Chronocept: Instilling a Sense of Time in Machines
This addresses a foundational gap in AI's temporal reasoning for applications like knowledge grounding and fact-checking, though it appears incremental as it builds on existing temporal reasoning concepts with a new benchmark.
The paper tackles the problem of AI's inability to reason about temporal validity by introducing Chronocept, the first benchmark that models temporal validity as a continuous probability distribution over time, with datasets showing strong inter-annotator agreement (84% and 89%) and baselines outperforming classification-based approaches.
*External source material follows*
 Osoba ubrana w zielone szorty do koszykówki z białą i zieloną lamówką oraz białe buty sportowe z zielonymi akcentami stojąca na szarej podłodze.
Human cognition is deeply intertwined with a sense of time, known as Chronoception. This sense allows us to judge how long facts remain valid and when knowledge becomes outdated. Despite progress in vision, language, and motor control, AI still struggles to reason about temporal validity. We introduce Chronocept, the first benchmark to model temporal validity as a continuous probability distribution over time. Using skew-normal curves fitted along semantically decomposed temporal axes, Chronocept captures nuanced patterns of emergence, decay, and peak relevance. It includes two datasets: Benchmark I (atomic facts) and Benchmark II (multi-sentence passages). Annotations show strong inter-annotator agreement (84% and 89%). Our baselines predict curve parameters - location, scale, and skewness - enabling interpretable, generalizable learning and outperforming classification-based approaches. Chronocept fills a foundational gap in AI's temporal reasoning, supporting applications in knowledge grounding, fact-checking, retrieval-augmented generation (RAG), and proactive agents. Code and data are publicly available.